This helps explain why so many out-of-state regulators and activists seem to be flocking to California’s stricter environmental banner. In emotional testimony before legislators in Sacramento last month, Jared Snyder, deputy commissioner of the New York State Department of Environmental Conservation, described California policy as necessary to protect his state nearly 3,000 miles away. “Sea levels are projected to rise by up to six feet by 2100, which would make flooding of New York’s tidal areas routine,’’ he said.

At this same hearing, Stuart Clark, air quality manager for the Washington Department of Ecology, warned that millions of his state’s residents are already breathing toxic soot from wildfires. Because of climate change, Clark said, the fires will devour twice as many acres annually by 2050 as they do today.

“What these states are demanding can’t be ignored.”

Michael Noble, executive director of Fresh Energy, the environmental group that invited Nichols to St. Paul earlier this month, has a personal reason for wanting Minnesota to adopt California-style standards. “We wanted a plug-in electric for our family,” he said. “We could only find one within 250 miles of our house, but we found hundreds in California and Washington.”

Next week’s midterm elections could add new allies to California’s cause. The Democratic front-runner in Illinois’s gubernatorial race, JB Pritzker, is promising to comply with the 2016 Paris Agreement on climate change, including a commitment to boost electric cars, even though Trump pulled out.
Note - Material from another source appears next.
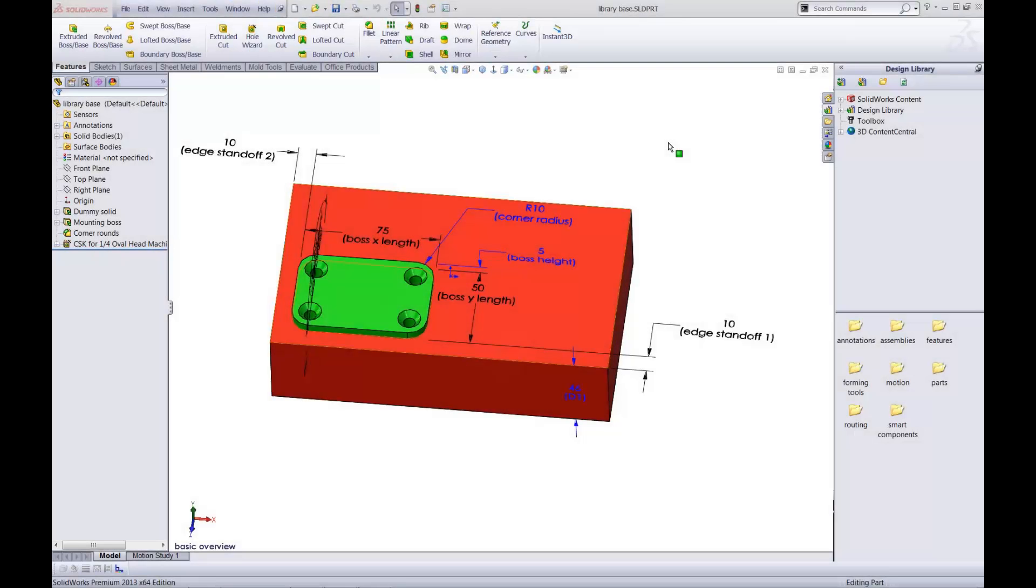Hello, my name is Matt Ayton and I'm a certified SolidWorks professional with GoEngineer. This video covers how to create a design library feature.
Colorado’s independent Air Quality Control Commission will begin voting next month on California-style mandates. “It’s unfortunate that the federal government has decided not to take a leadership role,’’ said Martha Rudolph, environmental programs director at the Colorado Department of Public Health and Environment. That division is mirrored in the state itself: Hickenlooper, the Democratic governor, asked regulators to look at tougher standards while the state’s Republican attorney general, Cynthia Coffman, refused to join the anti-Trump lawsuit.

If Colorado adopts the California zero-emission standard, 10 percent of new vehicle sales would need to be battery-only or plug-in hybrid by 2025. “That seems like a long ways away but it’s really only six model years,’’ said Tim Jackson, head of the Colorado Auto Dealers Association. Zero-emission vehicles, he points out, only account for 1.6 percent of sales in the state right now.

The deadline for public comments on the Trump rollback passed on Oct. 26. Nichols had been planning a formal counter-proposal, but in a Friday press conference she seemed pessimistic. “I don’t see any way to take what’s out there and turn it into an acceptable proposal,” she said. If she changes her mind she would still have standing, at least until the Trump rollback takes effect, because she has a legally-binding agreement to link Sacramento’s greenhouse-gas limits with Washington’s through 2025. This makes her a leader of the opposition, even if she prefers not to see it that way.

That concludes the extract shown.